12/07: Day 7 🎄

Refresh and Reload: Secrets of the Unified Buffer

Dec 08, 2025

Welcome back to Unwrapping TPUs ✨!

Last post, we took a brief detour into the world of numerics to better understand why Accumulators were handling 32-bit data and how they came to be perfectly packaged into 8-bit streams for the Unified Buffer (via Post-Training Quantization), thus introducing the last core piece of the TPU v1’s computation flow.

Today, we implement the feedback dataflow details of Accumulator to Activation Pipeline to Unified Buffer in our tiny tiny TPU!

Main Computation: Feedback Dataflow

The provided diagram, with the dataflow highlighted in Purple (snazzy, right?) was referenced and helps clarify our specific terminology used in describing the TPU v1 dataflow feedback (Jouppi et al.).

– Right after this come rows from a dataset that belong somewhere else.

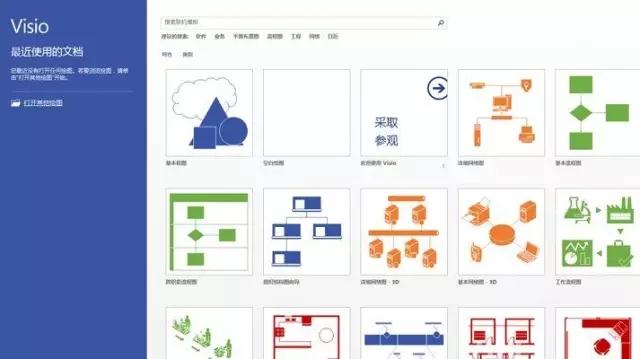 网络营销大神常用的10款营销工具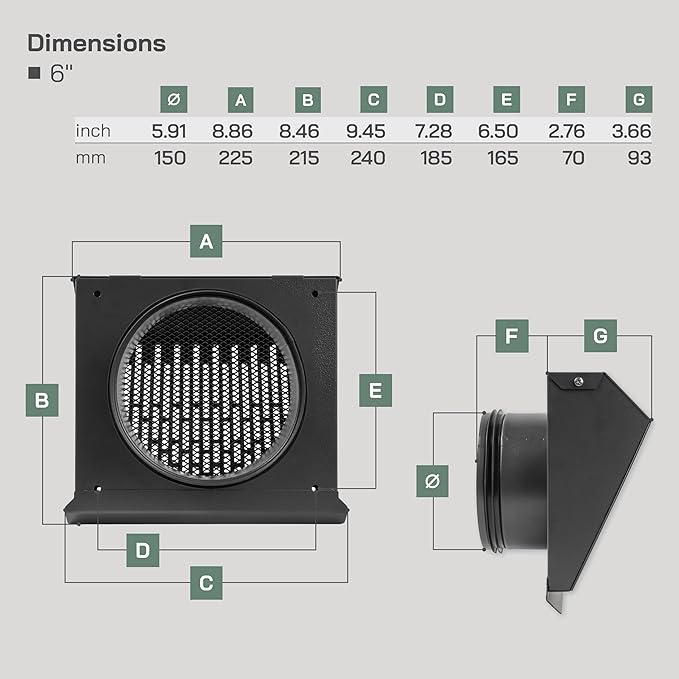 Vent Systems 6" Inch Exhaust Vent Cover - Image 2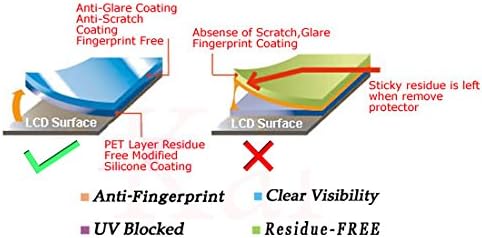 It3 Zaštita ekrana protiv otiska prsta za 13,3 Asus Zenbook Ux301la Ultrabooks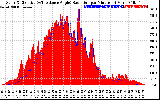 Solar PV/Inverter Performance Solar Radiation & Effective Solar Radiation per Minute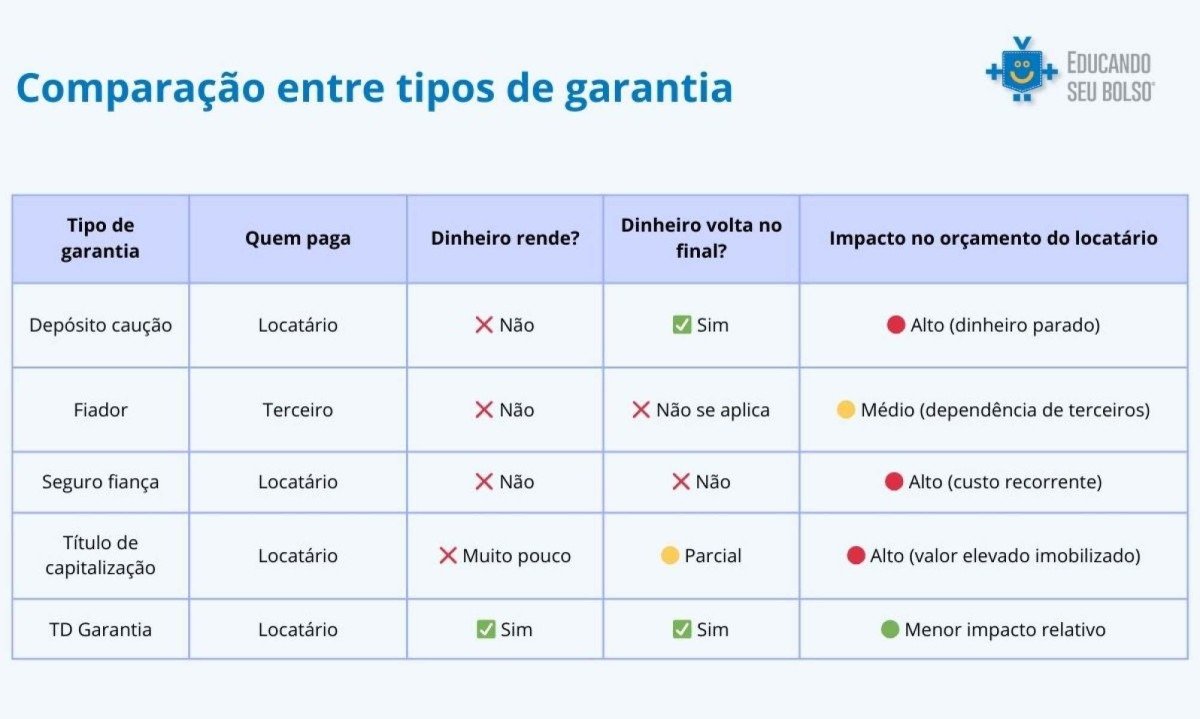 Tesouro Direto vs. CDB: Qual a melhor garantia?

As part of the TPU’s main computation path, the Accumulator kickstarts a critical feedback in dataflow, refilling the Unified Buffer and helping saturate the MMU with updated activation data inputs.

MMU → Accumulator → Activation Pipeline → Unified Buffer → MMU → repeat…

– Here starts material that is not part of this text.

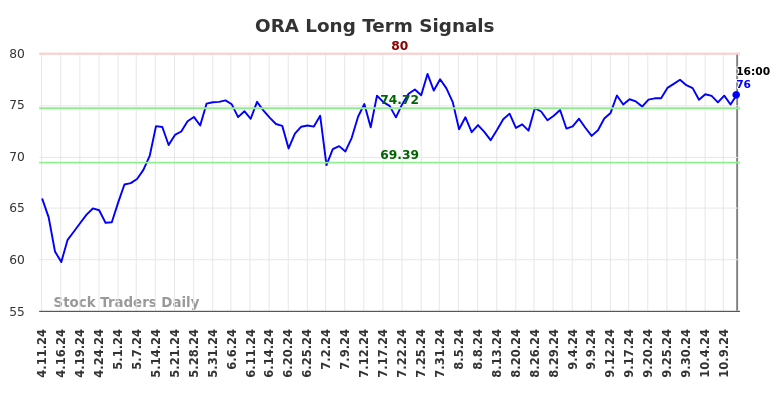 ORA Long Term Analysis for October 12 2024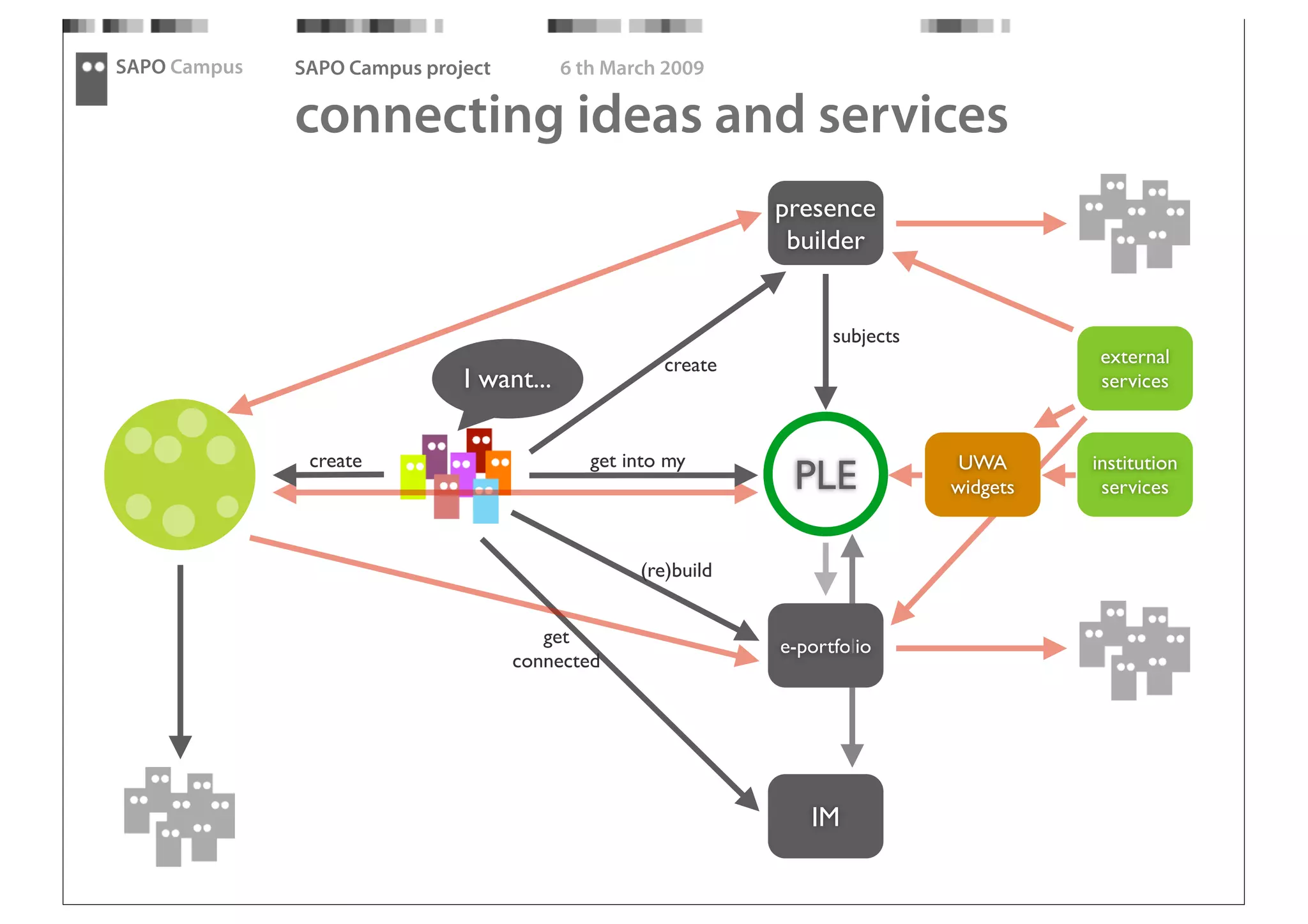 SAPO Campus - Thought Fest 09 presentation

We start in the Accumulator’s double-buffered 32-bit results, which are passed to the Activation Pipeline (Activation and Normalize Blocks on the left) for Post Training Quantization (PTQ). Subsequently, the quantized results are now 8-bits and passed into the Unified Buffer.

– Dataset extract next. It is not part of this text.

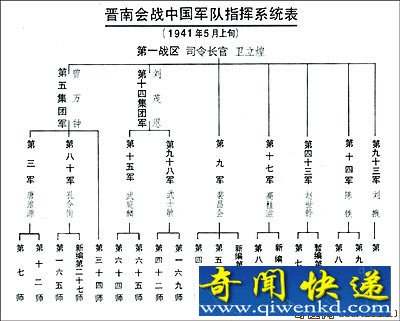 中国高级将领为何在中条山之战中接连阵亡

Let’s first break down the Accumulator.

Accumulator

Previously, we’ve covered the Accumulator’s role in passing 32-bit results from the MMU to be quantized 8-bit results in an effort to replenish the Unified Buffer.

In the case of our tiny tiny TPU, since we’re working on a 2 x 2 systolic array, we have to make a couple minor adjustments. Doing some quick math, since we’re working with 8-bit activation data and 8-bit weights, the max value of MAC products is 255^2. This fits nicely in 16 bits as the log_2(255^2) = 15.99.

Passing these partial 16-bit product sums through the systolic array, although we don’t have 256 rows to go through, the maximum end sum at the very end of the MMU is 255^2 * 2 = 130,050. When taken to the log base 2, this value resolves into 16.99, still requiring 32 bits of precision like the full scale TPU.

However, when looking at the net dimensions of the TPU v1 Accumulator, we clearly don’t have a need for a depth of 4096. Further, the systolic array dimension we’ve implemented is 2 x 2 not 256 x 256. Since we still want to carry a double buffering effect, we design for a depth 2.

For the two columns in our 2 x 2 systolic array, we have another dimension of 2. This makes our Accumulator of 2 x 2 x 32 bit dimension (much more compact than the full TPU v1’s 4 MB!).

Double-buffering MMU results into the Accumulator works similar to the Weight FIFO scheme we’d mentioned prior. The Accumulator holds two 32-bit buffers that cycle out such that one is receiving inbound data from the MMU and one is passing along information at all times, selected in our code using “buffer_select”.

Once selecting the buffer to input data into, the beauty of a systolic array is that we also need to align the results such that results are streamed in as diagonals, just as the activation inputs and weight FIFOs are staggered. Thus, at time t=T, column 0 results arrive, and at time t=T+1 column 1 results arrive, allowing the buffer to be shipped out.

The accumulator memory module takes the column-aligned input into the buffer and zero pads such that the results are all 32-bits to be passed now to the Activation pipeline.

Activation Pipeline

The goal of the activation pipeline is to take the 32 bit accumulator outputs, apply activation, normalization, and loss. Within this process, the activation pipeline will quantize 32 bit floats to int8 for input into the unified buffer.

Considering the dataflow we’ve already covered: the pipeline first applies a fixed ReLU stage (activation_func.v).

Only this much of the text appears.